### Task to carry out
Each line from the one containing "Tren rojo viejo" through the last line of the records is to be repeated exactly, with all pictures left out.

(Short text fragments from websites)
'''
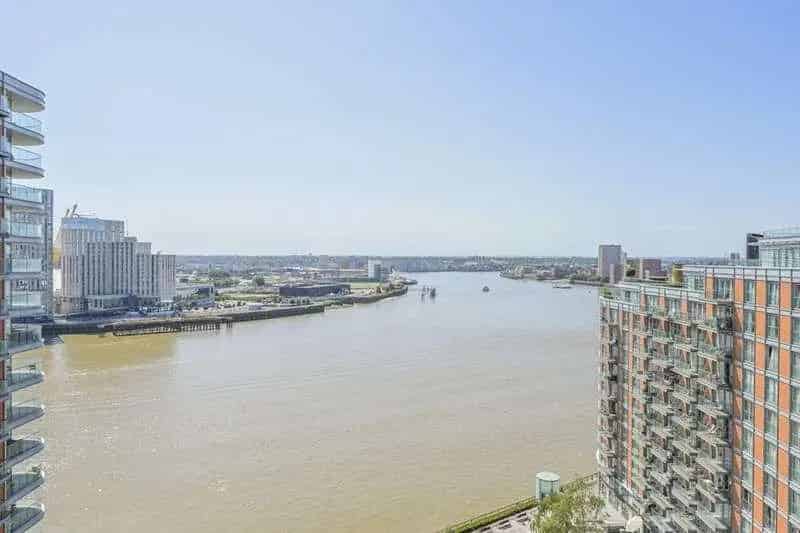 2 Bed Flat for Sale near Canary Wharf with River Thames Views
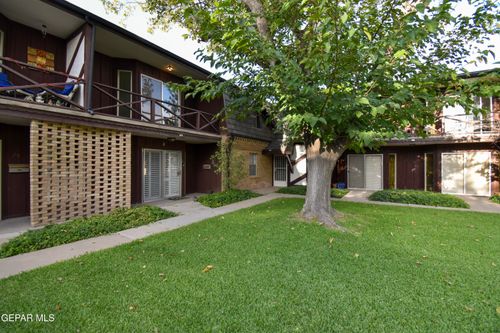 apt-27-350 Thunderbird Dr, El Paso, TX, 79912-3841 | Card Image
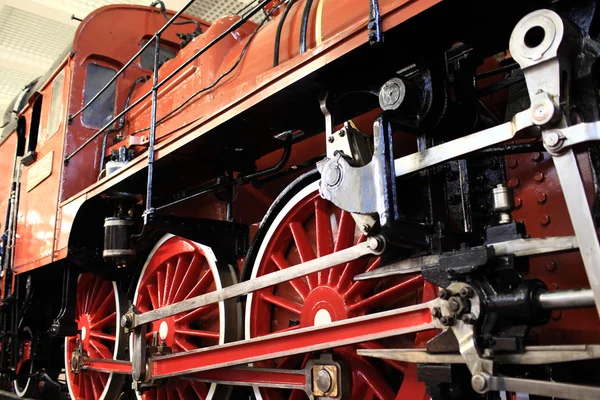 Tren rojo viejo —  Fotos de Stock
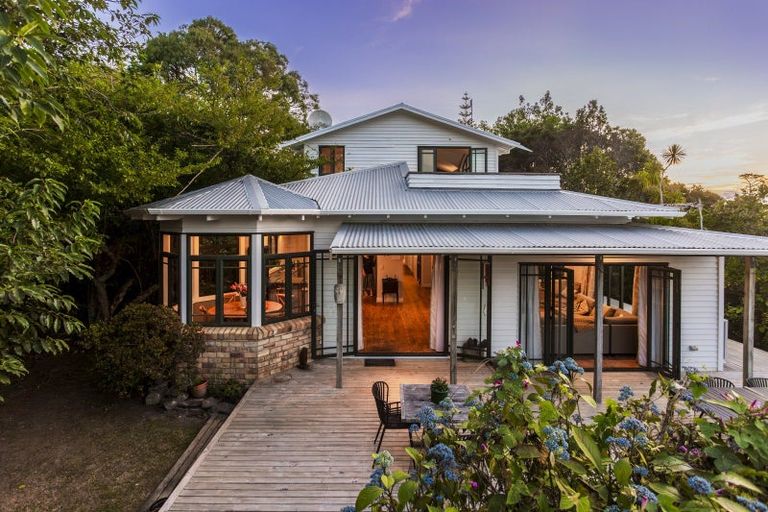 Photo of property in 386 Upper Harbour Drive, Greenhithe, Auckland, 0632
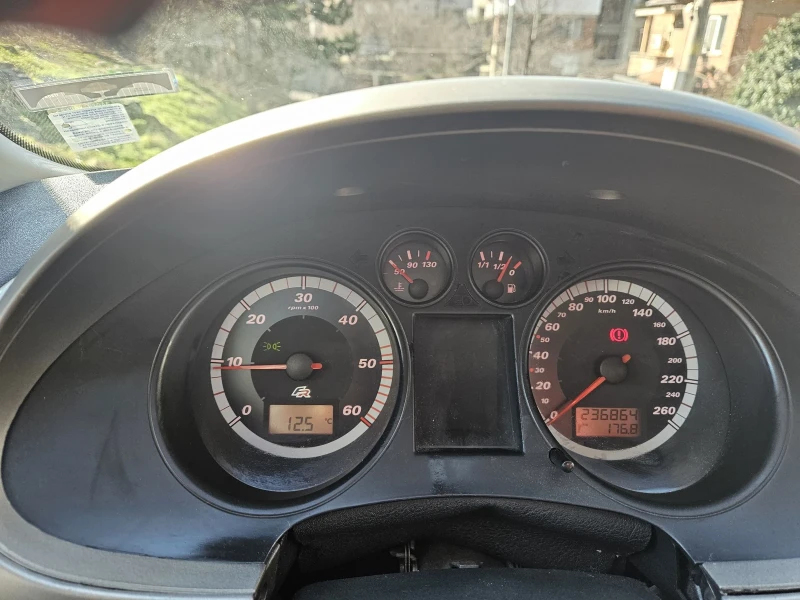 Seat Ibiza 1.9 TDI, снимка 7 - Автомобили и джипове - 53476146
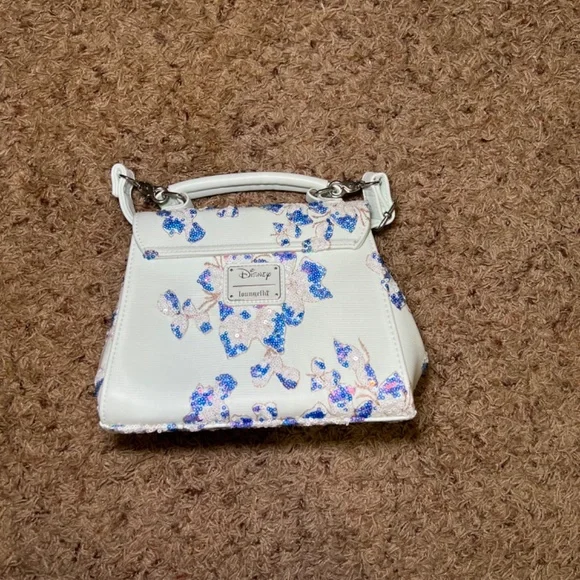 Disney Loungefly – Alice in Wonderland Sequined Crossbody Bag - Picture 4 of 7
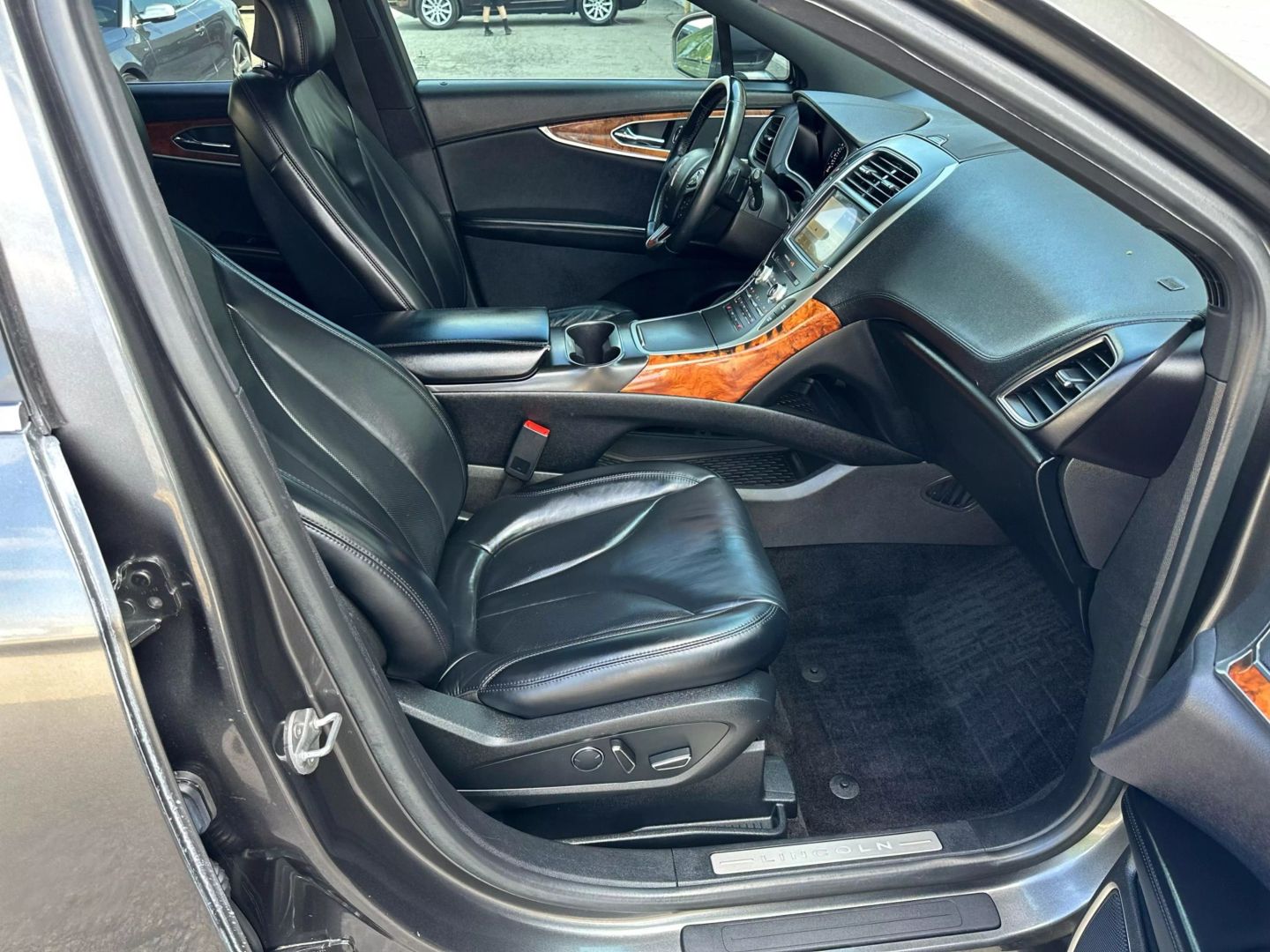 2018 Lincoln Mkx - Image 34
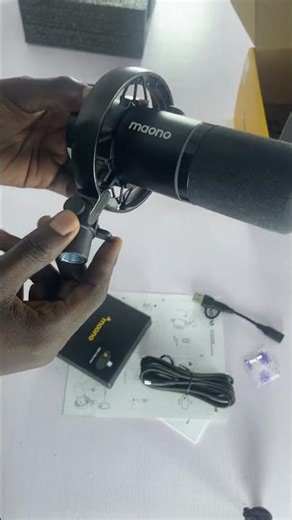 World's #1 Best-Selling #Podcast Mic? I'll Be The Judge Of That #microphone #recording #unboxing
'''
### Response to the task
 Tren rojo viejo —  Fotos de Stock
 Photo of property in 386 Upper Harbour Drive, Greenhithe, Auckland, 0632
 Seat Ibiza 1.9 TDI, снимка 7 - Автомобили и джипове - 53476146
 Disney Loungefly – Alice in Wonderland Sequined Crossbody Bag - Picture 4 of 7
 2018 Lincoln Mkx - Image 34
 World's #1 Best-Selling #Podcast Mic? I'll Be The Judge Of That #microphone #recording #unboxing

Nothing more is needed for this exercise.